Note that one can extend the method of transformations to the case of \(n\) random variables.

Student Exercise

Attempt the exercise below.

Let \(X\) and \(Y\) be independent random variables, each having probability density function \[ f(x) = \begin{cases} \lambda e^{-\lambda x} & \text{if } x>0, \\ 0 & \text{otherwise} \end{cases} \] and let \(U=X+Y\) and \(V=X-Y\).

1. Find the joint probability density function of \(U\) and \(V\).
   
2. Hence derive the marginal probability density functions of \(U\) and \(V\).
   
3. Are \(U\) and \(V\) independent? Justify your answer.
   

Solution to Exercise 14.1.

1. Let the transformation \(T\) be defined by \(T(x,y)=(u,v)\), where \(u=x+y\) and \(v=x-y\).
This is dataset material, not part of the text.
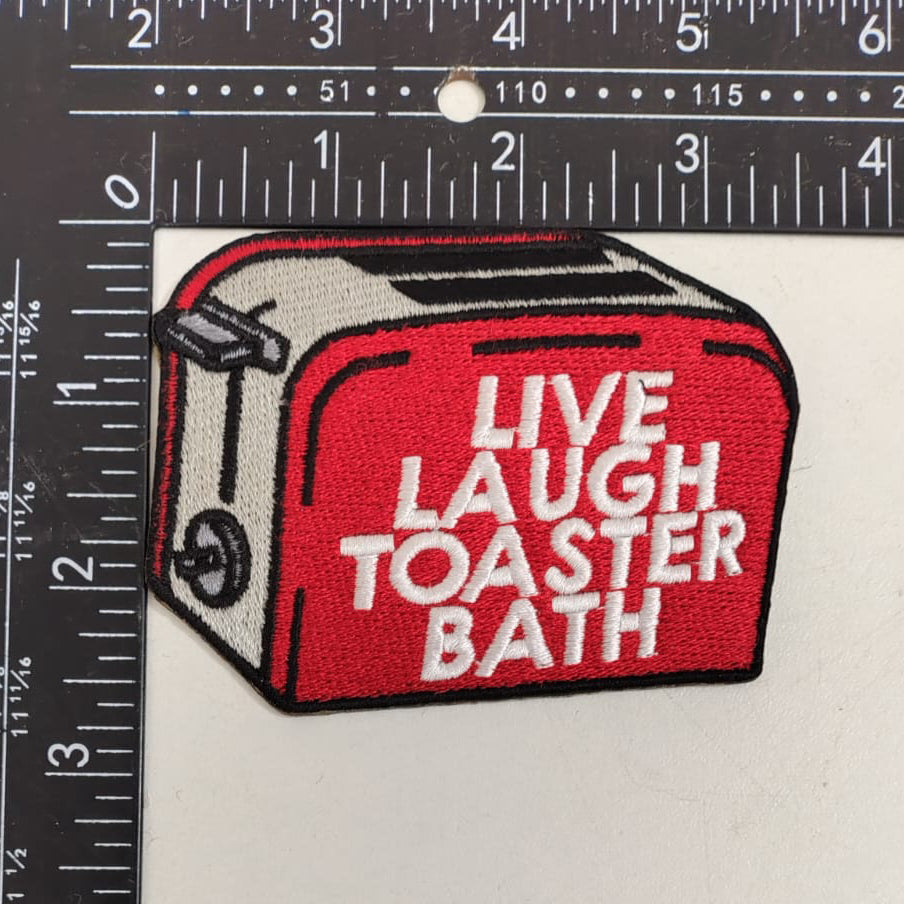 Live Laugh Toaster Bath Patch - Shady Front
Then, \(x=\frac{1}{2} (u+v)\) and \(y={1\over2}(u-v)\), so that
   \[ J(u,v)=\left| \begin{matrix} \frac{1}{2} & \frac{1}{2} \\ \frac{1}{2} & -\frac{1}{2} \end{matrix} \right| = -\frac{1}{2}.\] Since \(X\) and \(Y\) are independent,
   \[ f_{X,Y}(x,y)=f_X(x)f_Y(y)= \begin{cases} \lambda^2e^{-\lambda(x+y)} & \text{if }x,y>0, \\ 0&\text{otherwise.} \end{cases} \] Thus, since \(T\) is one-to-one,
   \[\begin{eqnarray*} f_{U,V}(u,v) &=& f_{X,Y}(x(u,v),y(u,v))|J(u,v)| \\ &=& \begin{cases} \frac{1}{2} \lambda^2e^{-\lambda u} & \text{if } u+v > 0, u-v > 0, \\ 0 & \text{otherwise} \end{cases} \\ &=& \begin{cases} \frac{1}{2} \lambda^2e^{-\lambda u} & \text{if } u > 0,-u < v < u, \\ 0 & \text{otherwise.} \end{cases} \end{eqnarray*}\] The region over which \(f_{U,V}(u,v)>0\) is shown below.
   
2. The marginal pdf’s of \(U\) and \(V\) are respectively
   \[\begin{eqnarray*} f_U(u) &=& \int_{-\infty}^\infty f_{U,V}(u,v) dv = \begin{cases} \int_{-u}^u{1\over2} \lambda^2e^{-\lambda u} dv = \lambda^2u e^{-\lambda u} & \text{if }u>0,\\ 0 & \text{otherwise;} \end{cases} \\ f_V(v) &=& \int_{-\infty}^\infty f_{U,V}(u,v) du = \int_{|v|}^\infty \frac{1}{2} \lambda^2e^{-\lambda u}du = \frac{1}{2} \lambda e^{-\lambda|v|}, \qquad v\in{\mathbb R}. \end{eqnarray*}\] Note that again we have \(U =X+Y\) is the sum of two independent \({\rm Exp}(\lambda)\) random variables, so \(U \sim {\rm Gamma} (2, \lambda)\).
   
3. Clearly, \(f_{U,V}(u,v)=f_U(u) f_V(v)\) does not hold for all \(u,v \in {\mathbb R}\), so \(U\) and \(V\) are not independent.